▶ [REQUIREMENT]: Among the records below, how many lines contain "White"? State the number and nothing more.

(MATERIAL SUPPLIED)

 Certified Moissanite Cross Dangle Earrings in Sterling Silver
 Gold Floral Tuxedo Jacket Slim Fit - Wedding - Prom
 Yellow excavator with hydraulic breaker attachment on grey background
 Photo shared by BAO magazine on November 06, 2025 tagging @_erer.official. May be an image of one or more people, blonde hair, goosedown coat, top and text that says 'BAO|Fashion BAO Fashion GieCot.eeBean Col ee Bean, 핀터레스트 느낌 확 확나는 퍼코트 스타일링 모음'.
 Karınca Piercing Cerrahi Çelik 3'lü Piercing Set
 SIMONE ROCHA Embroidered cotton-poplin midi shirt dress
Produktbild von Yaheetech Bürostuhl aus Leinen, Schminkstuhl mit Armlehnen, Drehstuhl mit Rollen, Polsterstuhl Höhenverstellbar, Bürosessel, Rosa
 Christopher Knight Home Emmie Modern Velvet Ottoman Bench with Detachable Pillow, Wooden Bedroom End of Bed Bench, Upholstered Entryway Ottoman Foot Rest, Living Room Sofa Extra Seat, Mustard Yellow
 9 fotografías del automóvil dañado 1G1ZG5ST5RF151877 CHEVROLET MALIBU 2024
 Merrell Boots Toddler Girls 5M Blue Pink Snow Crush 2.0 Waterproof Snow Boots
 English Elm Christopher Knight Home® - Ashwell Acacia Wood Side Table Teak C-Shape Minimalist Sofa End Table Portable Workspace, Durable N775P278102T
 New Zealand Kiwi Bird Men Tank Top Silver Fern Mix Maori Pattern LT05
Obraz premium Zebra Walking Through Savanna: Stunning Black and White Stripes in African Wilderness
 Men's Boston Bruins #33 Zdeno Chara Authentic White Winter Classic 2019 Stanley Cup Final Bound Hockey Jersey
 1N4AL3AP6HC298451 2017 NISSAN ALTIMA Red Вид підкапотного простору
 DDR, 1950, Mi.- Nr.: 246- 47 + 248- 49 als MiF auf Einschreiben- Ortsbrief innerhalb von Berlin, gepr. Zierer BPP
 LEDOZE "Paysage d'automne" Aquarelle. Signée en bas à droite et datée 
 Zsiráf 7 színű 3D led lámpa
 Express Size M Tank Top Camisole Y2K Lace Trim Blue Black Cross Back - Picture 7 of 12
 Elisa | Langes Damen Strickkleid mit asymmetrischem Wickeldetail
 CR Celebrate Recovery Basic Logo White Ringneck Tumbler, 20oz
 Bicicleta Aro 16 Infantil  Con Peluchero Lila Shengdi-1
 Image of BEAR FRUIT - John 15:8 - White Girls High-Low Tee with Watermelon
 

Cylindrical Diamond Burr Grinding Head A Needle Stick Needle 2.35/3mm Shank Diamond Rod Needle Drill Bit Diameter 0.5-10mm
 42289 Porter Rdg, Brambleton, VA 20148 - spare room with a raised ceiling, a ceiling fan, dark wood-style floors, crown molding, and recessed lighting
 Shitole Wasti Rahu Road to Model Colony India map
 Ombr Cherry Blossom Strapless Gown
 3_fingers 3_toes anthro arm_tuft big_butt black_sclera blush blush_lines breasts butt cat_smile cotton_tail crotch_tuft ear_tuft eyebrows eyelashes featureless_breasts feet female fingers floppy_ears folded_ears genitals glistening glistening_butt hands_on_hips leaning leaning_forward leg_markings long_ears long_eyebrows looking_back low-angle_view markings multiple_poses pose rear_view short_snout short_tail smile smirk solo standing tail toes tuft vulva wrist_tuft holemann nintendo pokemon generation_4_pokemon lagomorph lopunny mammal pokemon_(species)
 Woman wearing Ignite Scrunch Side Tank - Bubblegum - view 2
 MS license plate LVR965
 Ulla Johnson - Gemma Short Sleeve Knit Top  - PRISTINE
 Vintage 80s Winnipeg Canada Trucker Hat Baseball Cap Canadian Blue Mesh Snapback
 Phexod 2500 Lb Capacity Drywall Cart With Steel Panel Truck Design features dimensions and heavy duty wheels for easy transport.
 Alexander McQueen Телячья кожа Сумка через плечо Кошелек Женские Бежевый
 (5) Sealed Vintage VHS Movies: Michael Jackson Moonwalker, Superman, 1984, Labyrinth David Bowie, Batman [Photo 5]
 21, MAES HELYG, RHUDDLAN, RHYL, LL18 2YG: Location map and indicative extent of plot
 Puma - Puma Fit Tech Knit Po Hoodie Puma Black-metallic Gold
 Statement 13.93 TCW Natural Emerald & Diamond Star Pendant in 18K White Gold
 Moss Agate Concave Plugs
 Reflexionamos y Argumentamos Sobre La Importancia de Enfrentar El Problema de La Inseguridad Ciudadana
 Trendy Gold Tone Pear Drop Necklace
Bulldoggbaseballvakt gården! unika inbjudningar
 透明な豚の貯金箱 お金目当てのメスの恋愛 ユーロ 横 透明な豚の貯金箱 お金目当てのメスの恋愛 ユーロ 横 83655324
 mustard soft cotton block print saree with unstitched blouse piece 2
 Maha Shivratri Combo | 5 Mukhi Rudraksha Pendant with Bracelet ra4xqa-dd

(End MATERIAL SUPPLIED)

▶ [ANSWER TO THE PROBLEM]: 5